=== TRY IT ===
Once you have found the line with "Lần đầu tiên" in the records below, retype it and every line after it to the end exactly, with no pictures and nothing more.

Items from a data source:
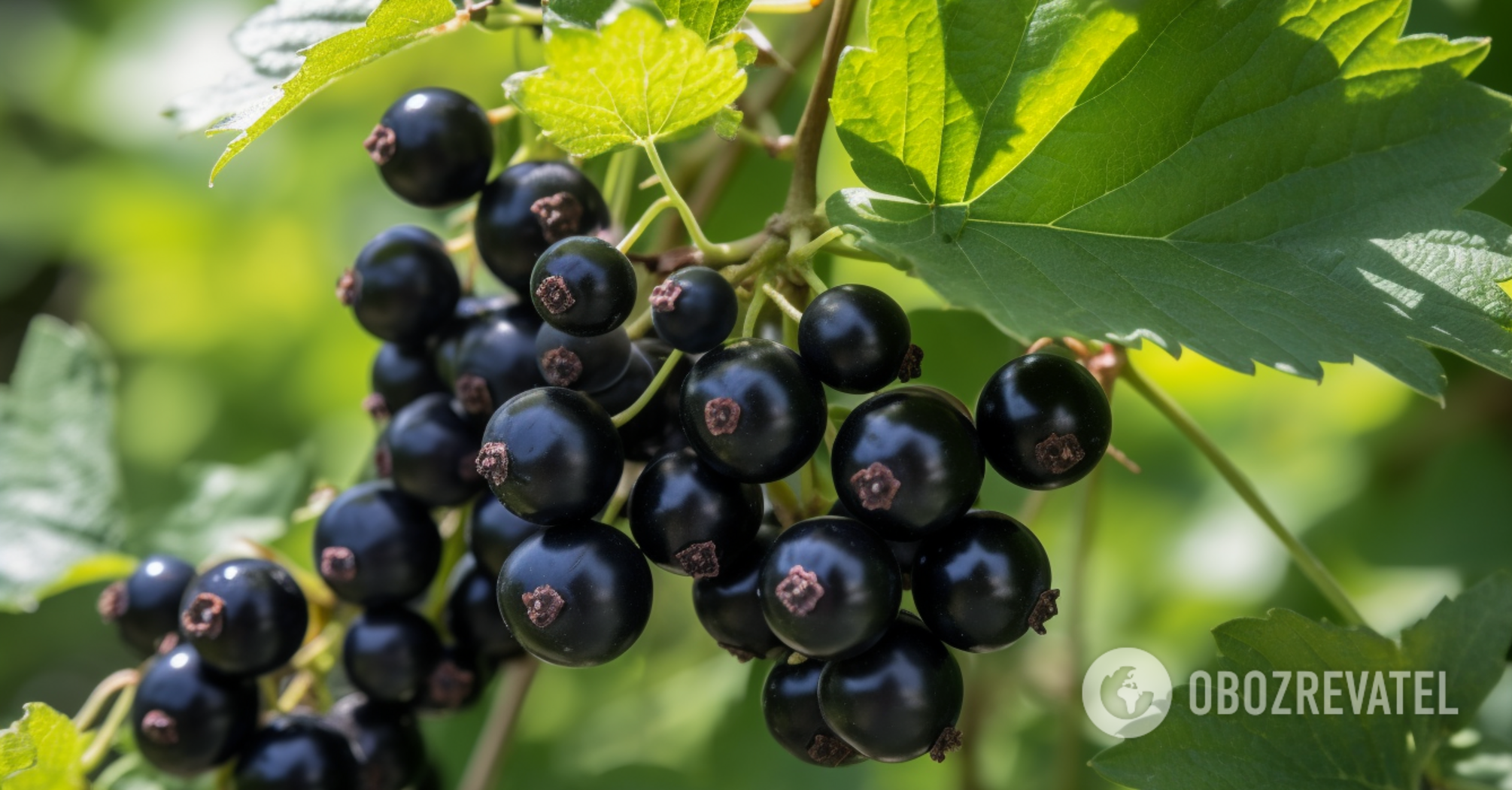 How to fertilize currants, gooseberries and blueberries in the fall: expert advice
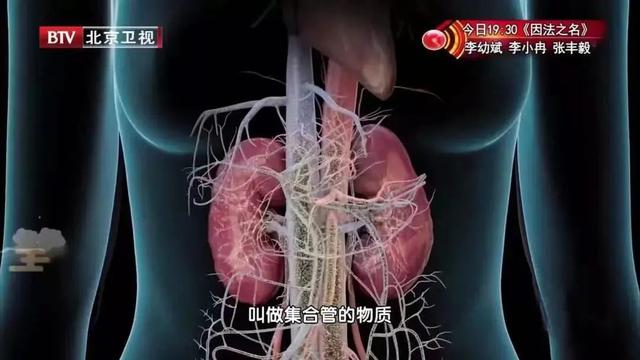 【健康】晨起第一杯水，很多人都喝错了！尤其这3类人，需要讲究！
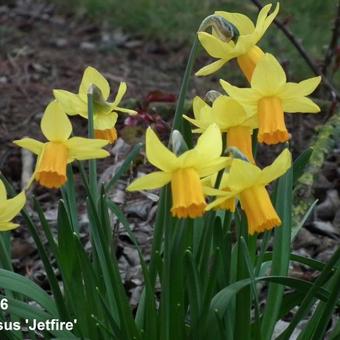 Narcissus 'Jetfire'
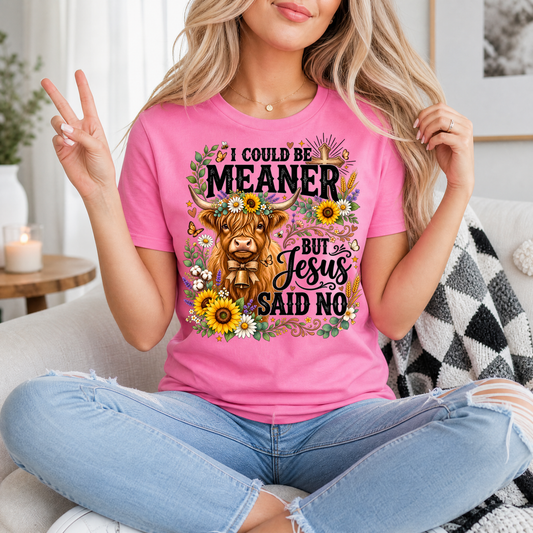 I Could Be Meaner, But Jesus Said No Highland Cow Graphic Tee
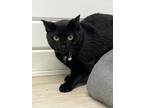 Adopt Brookie a All Black Domestic Shorthair / Mixed (short coat) cat in Marion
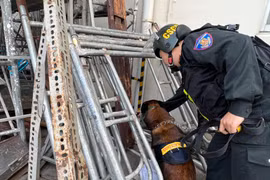 Lần đầu tiên đưa chó nghiệp vụ tham gia diễn tập tình huống phòng chống cháy, nổ, cứu nạn, cứu hộ 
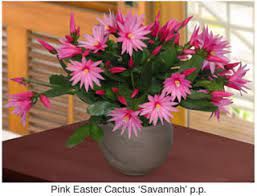 Cactus flower plants seem to be a treasure, springing forth from their thorny, humble parents. Easter Cactus How To Grow And Care For Easter Cactus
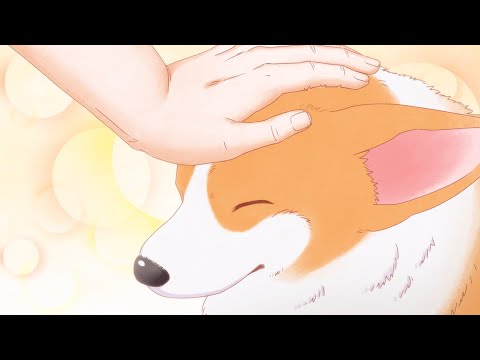 Трейлер PV1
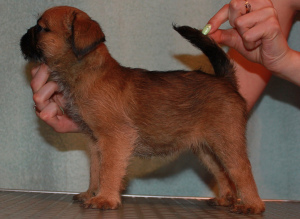 Photo №3. Griffon and Petit-Brabancon puppies of red color are waiting for the best. Russian Federation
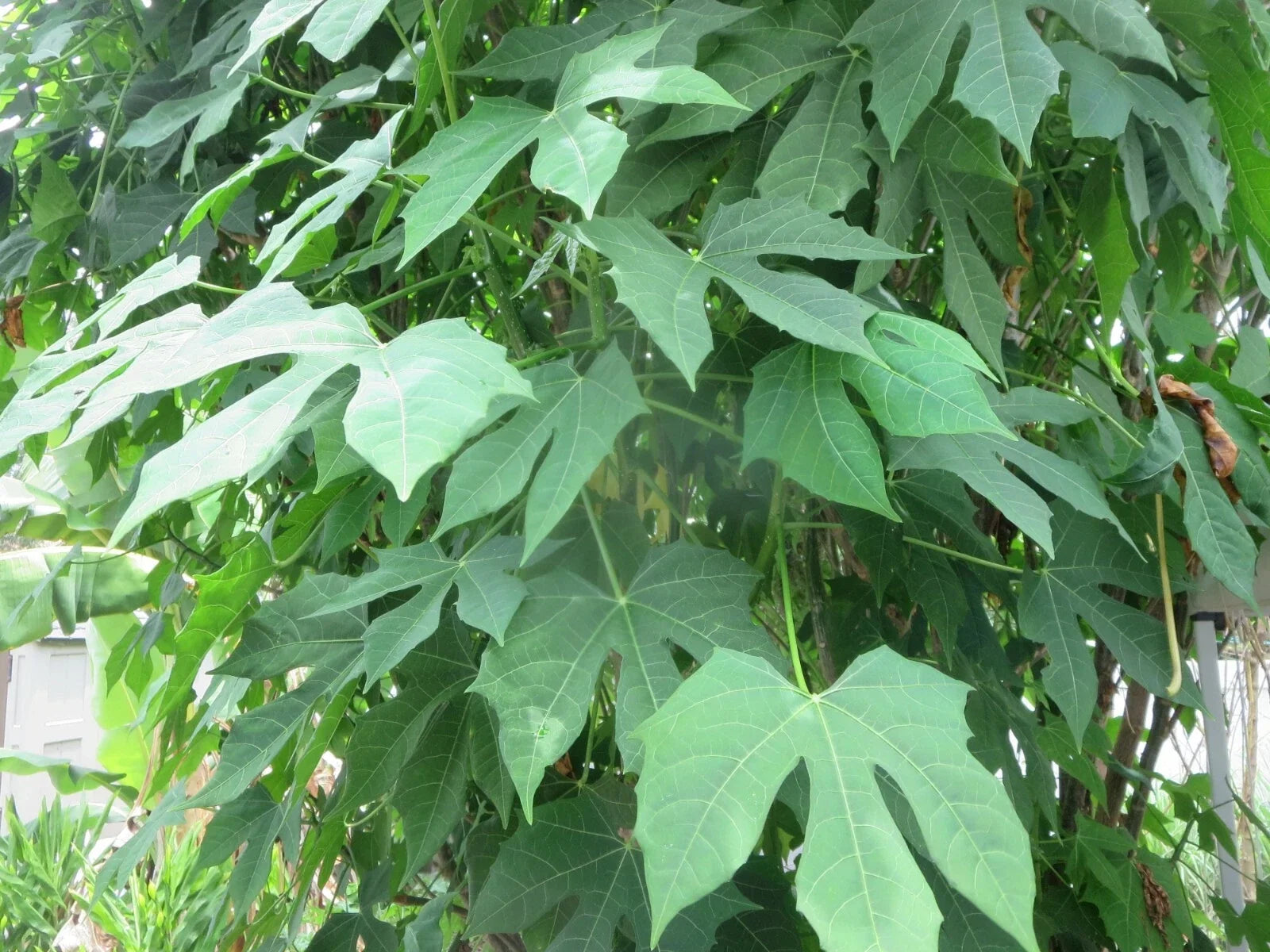 Maple Leaf Chaya Cuttings - Organic Non-Stinging Edible Plant - Cnidoscolus chayamansa - Set of 7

=== WRITTEN REPLY ===
 Lần đầu tiên đưa chó nghiệp vụ tham gia diễn tập tình huống phòng chống cháy, nổ, cứu nạn, cứu hộ 
 Cactus flower plants seem to be a treasure, springing forth from their thorny, humble parents. Easter Cactus How To Grow And Care For Easter Cactus
 Трейлер PV1
 Photo №3. Griffon and Petit-Brabancon puppies of red color are waiting for the best. Russian Federation
 Maple Leaf Chaya Cuttings - Organic Non-Stinging Edible Plant - Cnidoscolus chayamansa - Set of 7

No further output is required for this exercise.